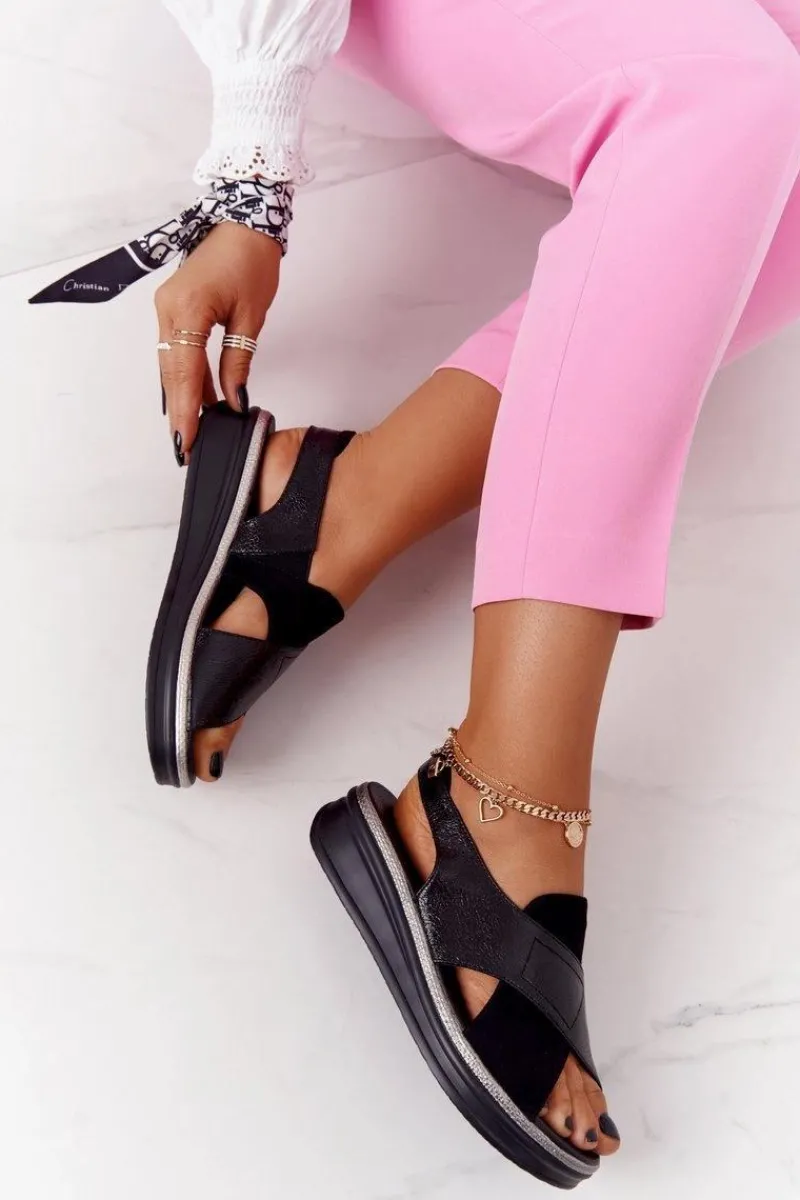 Sandały Na Koturnie|Sandały Płaskie>Buty Sergio Leone Wsuwane Sandały Na Platformie Sergio Leone SK029 Czarne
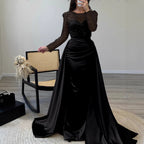 Damen Abendkleid mit funkelndem Paillettenoberteil und elegantem Satinrock EB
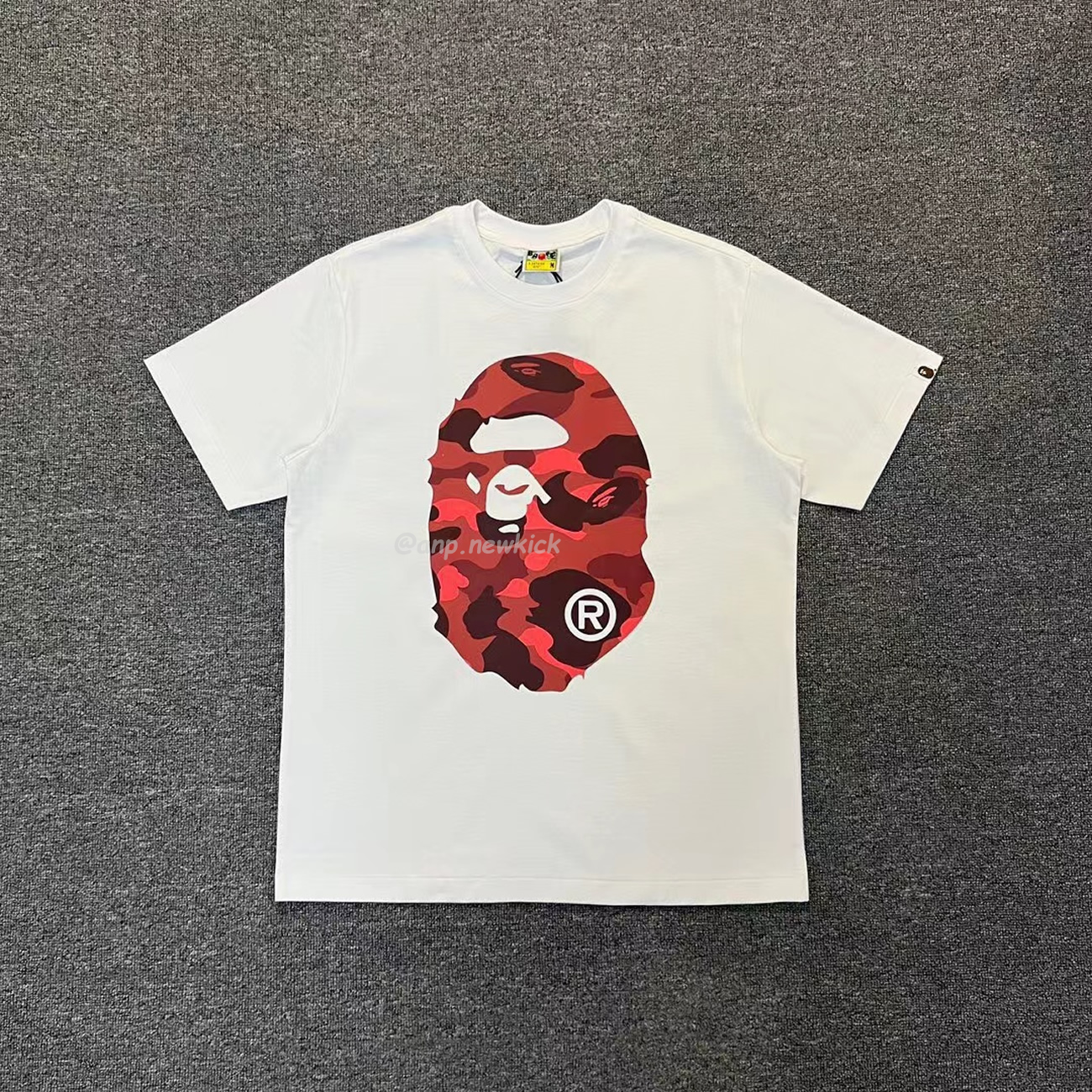Bape Color Camo Big Ape Head Tee White Black White Green (3) - www.newkick.vip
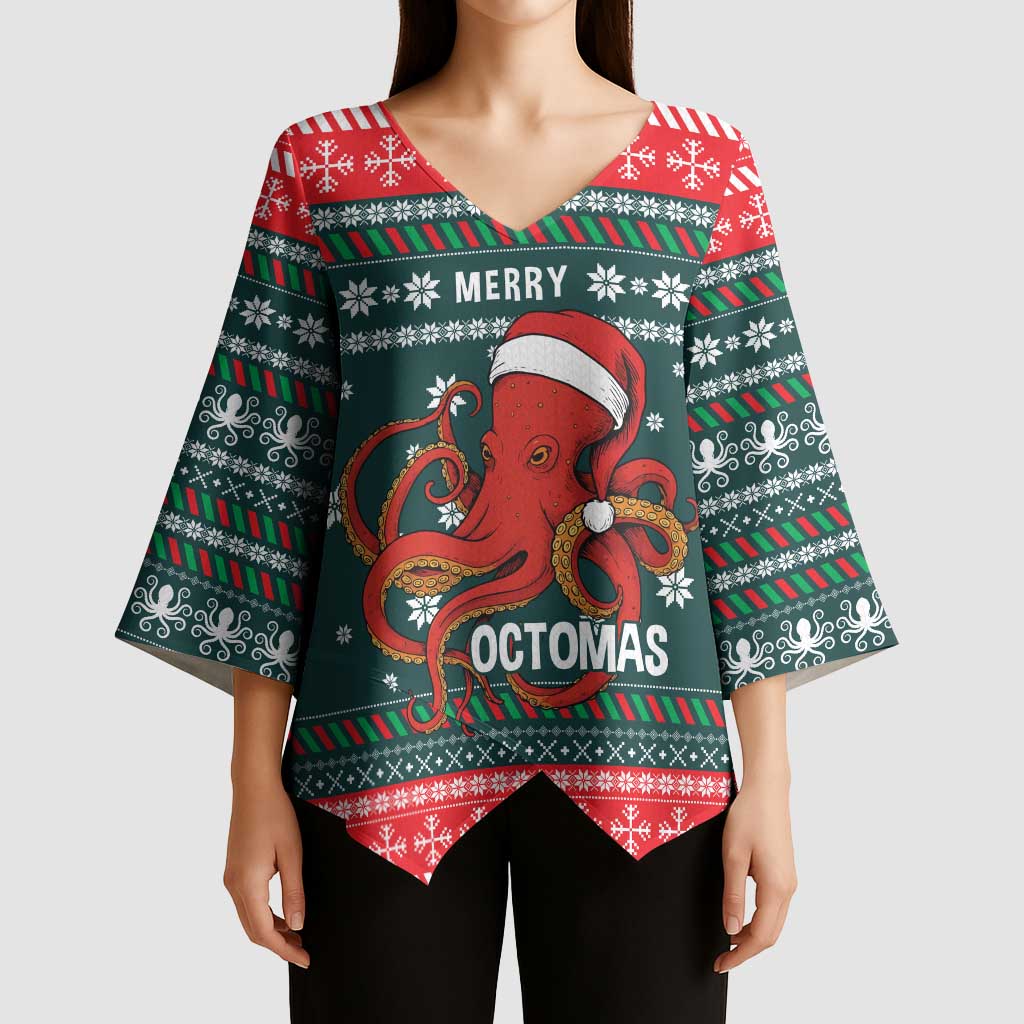 Merry Octomas Christmas Kimono Sleeve Blouse Xmas Holiday Patterns - Wonder Print Shop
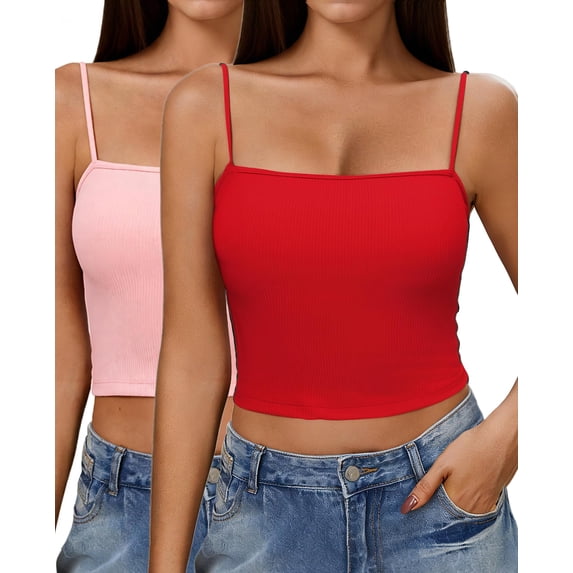 Ekouaer Womens Camisole Tank Tops Ribbed Square Neck Spaghetti Strap Crop Top Dressy Cute Cami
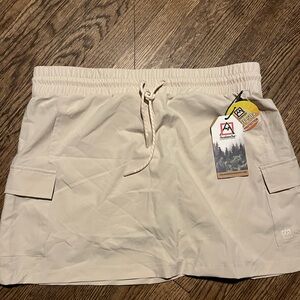 Avalanche Cream Midi Skirt Elastic Waist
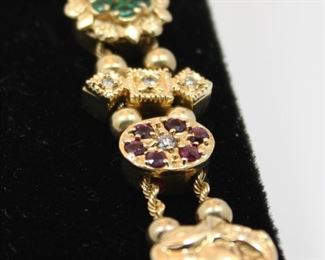 14K Gold Slide Bracelet and Charms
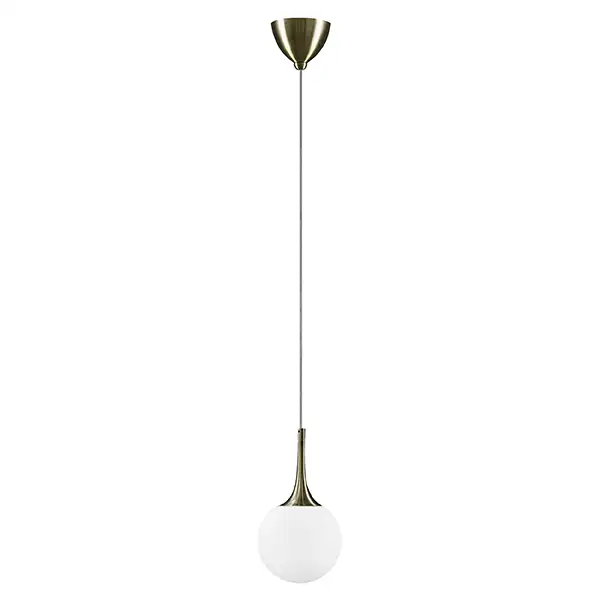 Globo Светильник подвесной 1xE14 max40W, стекло white, металл bronze, D150mm H270mm Sp370-1370mm, Li
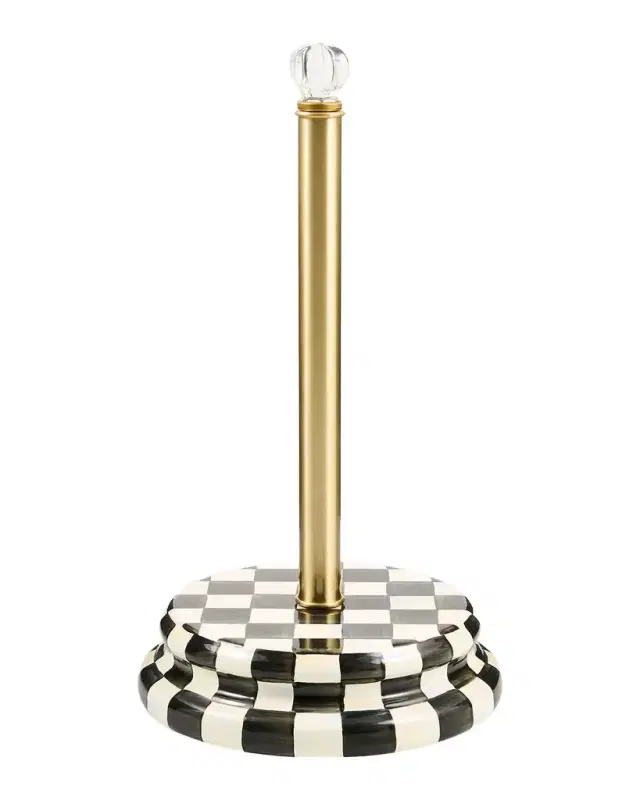 MacKenzie-Childs Courtly Check Stainless Steel & Glass Paper Towel Holder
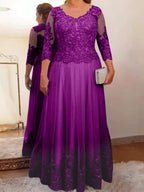 Vestidos de madre de la novia de tul corte A/princesa con apliques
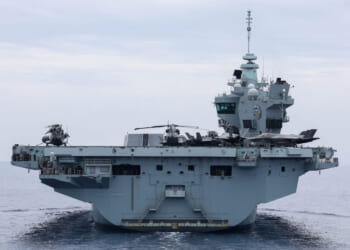 The Royal Navy Queen Elizabeth-class aircraft carrier HMS Prince of Wales (R09) operates in the Mediterranean Sea with NATO allied and partnered ships May 11, 2025.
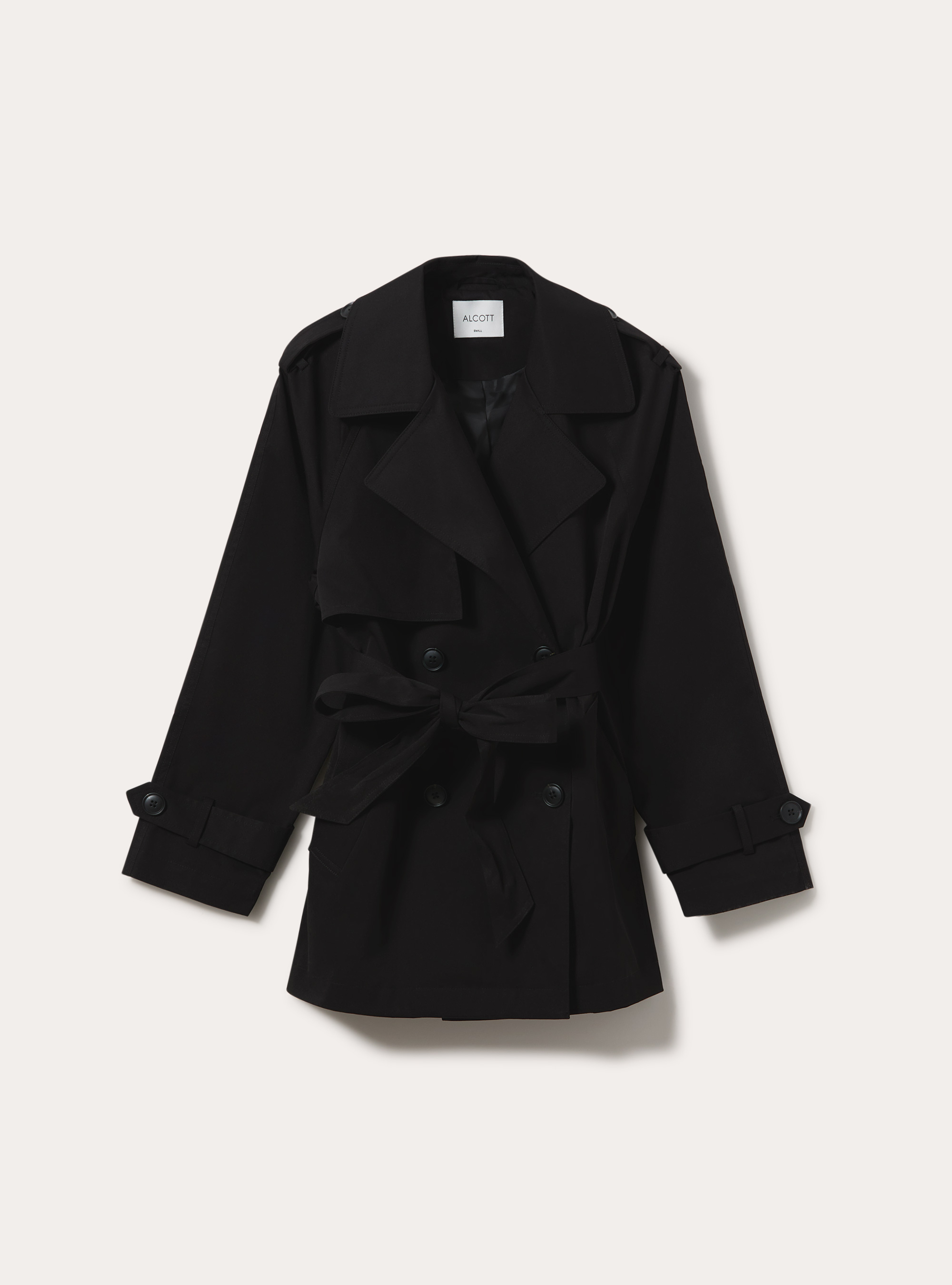 Short Double-Breasted Belted Trench Coat, BK1 BLACK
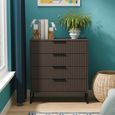 Fluted Chest - 4 Drawer - Graphite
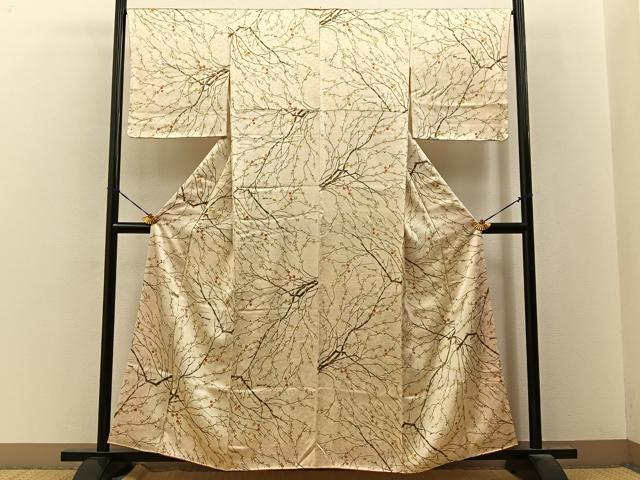 平和屋着物■上質な小紋　枝梅文　正絹　逸品　BAAY8161hj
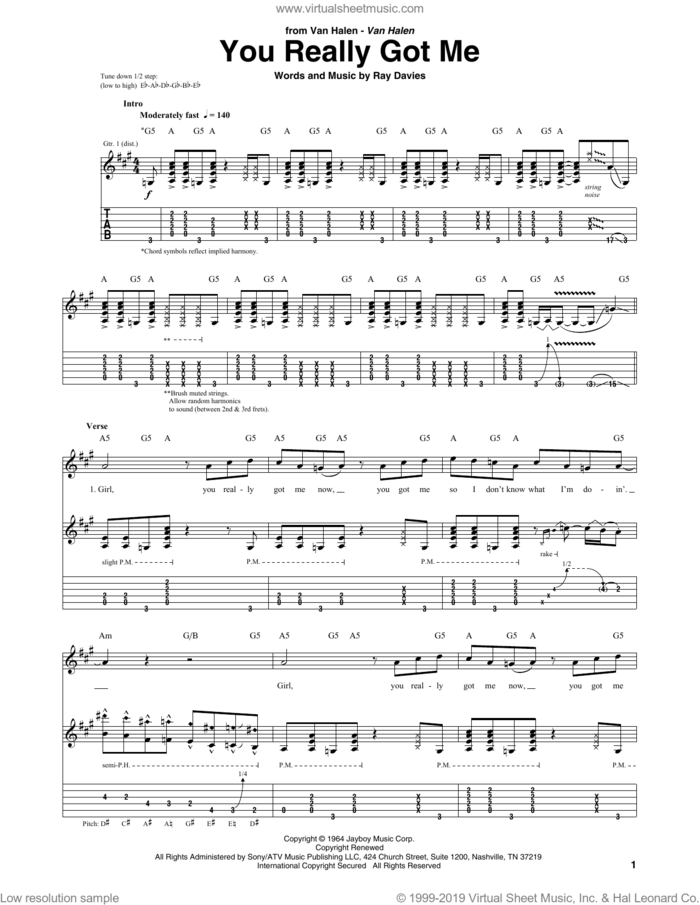 You Really Got Me sheet music for guitar (tablature) by Ray Davies, Edward Van Halen, Guitar Hero and The Kinks, intermediate skill level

..........

Could you repeat word for word only the lines from the one that contains "Fluted Chest - 4 Drawer - Graphite" through the end of the listing, leaving out the pictures?

◆ Answer to this task
 Fluted Chest - 4 Drawer - Graphite
 平和屋着物■上質な小紋　枝梅文　正絹　逸品　BAAY8161hj
 You Really Got Me sheet music for guitar (tablature) by Ray Davies, Edward Van Halen, Guitar Hero and The Kinks, intermediate skill level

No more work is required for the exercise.